There is also a growing and interesting body of work on quantitative notions for verification and synthesis [4, 5, 11], which formalize distances between specifications and systems or between systems themselves. However, these distances mostly apply to reactive systems and temporal logic specifications. There have also been many proposals for scaling program repair and synthesis to large programs. These are based on techniques ranging from constraint-solving [20, 27, 28], winning strategies in games [14], abstractions [9, 18, 22], mutations [7], genetic algorithms [2, 8], using contracts [31], and focusing on data structure manipulations [25, 32]. As we develop \(\textsc {Qlose} \) further, we hope to leverage some of these techniques and improve the scope of our approach.

Many fault localization algorithms are based on analyzing error traces [3, 6, 15, 33]. Some of these techniques can be used as a preprocessing step to improve the efficiency of our algorithm. A recent paper [17] finds the root cause of an equivalence failure in binaries using a notion of semantic similarity between programs. The problem setting is quite different from ours and the notions of similarity mostly refer to the program abstract semantics rather than to concrete executions.

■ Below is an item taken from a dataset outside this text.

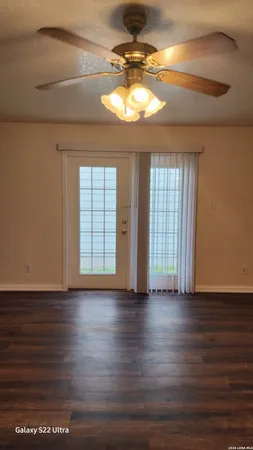 a view of an empty room with window and wooden floor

We wish to explore whether the distances proposed in [17] can be instantiated in our framework.

A more general question is whether the notions of program distances appearing in quantitative program analysis and program repair can be modeled in \(\textsc {Qlose} \). While simple limits on the number of syntactic edits clearly fall in our framework [19], some complex distances could take into account features that we currently do not model. For example [23] uses location-specific costs that cannot be captured using our current definitions. Extending \(\textsc {Qlose} \) to more complex distances is an interesting research direction.

In this paper we use manual code inspection to decide which repair is most natural. Recently, many data-driven techniques have been proposed to reason about code naturalness [12, 21]. These techniques learn language models of source code from a large code corpus and then use these models for several applications such as learning natural coding conventions, code suggestions and auto-completion, improving code style, suggesting variable and method names etc. Using such automatic techniques to classify repairs is an interesting direction.

8 Limitations and Conclusion

We introduce the quantitative program repair problem informally described as follows: given a set D of syntactic and semantic distances, a program P, and a set of test cases T, find the closest program \(P'\) (with respect to some function over the distances in D ) such that \(P'\) is correct on all the tests in T. We differentiated ourselves from previous approaches by showing that, to find “natural” program repairs, both semantic and syntactic distances are necessary. Our techniques have been implemented in a prototype tool Qlose, but some limitations need to be addressed. The most important ones are that the distances are tailored to specifications given as test sets and that Qlose only handles programs with tens of lines of code. Addressing these limitations is part of our research agenda.